Posted on • Originally published at jonesrussell.github.io

Managing LLM context in a real application

Ahnii!

This post covers how Claudriel, a Waaseyaa-based AI assistant SaaS, handles LLM context in production: conversation trimming, per-task turn budgets, model degradation on rate limits, prompt caching, and per-turn token telemetry.

The problem with unbounded context

Every message you send to an LLM API costs tokens. Long-running chat sessions accumulate history fast. Left unchecked, a single active session can push input token counts into the tens of thousands per turn, even before the model generates a word.
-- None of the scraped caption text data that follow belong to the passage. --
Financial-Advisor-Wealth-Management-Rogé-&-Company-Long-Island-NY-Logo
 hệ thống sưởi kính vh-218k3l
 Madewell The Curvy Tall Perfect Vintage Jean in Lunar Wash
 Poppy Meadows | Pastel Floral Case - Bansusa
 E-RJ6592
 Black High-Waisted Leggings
Claudriel runs multiple agent turns per user request — reading email, checking calendars, querying entities. Each turn sends the full conversation history plus tool definitions. Without guardrails, costs compound and rate limits trigger unpredictably.

Trimming conversation history before it reaches the API

The first line of defense is ChatStreamController::trimConversationHistory(). Before any message goes to the API, the history is trimmed to a cap of 20 messages. Older assistant responses beyond that window are truncated to 500 characters with a [truncated] marker.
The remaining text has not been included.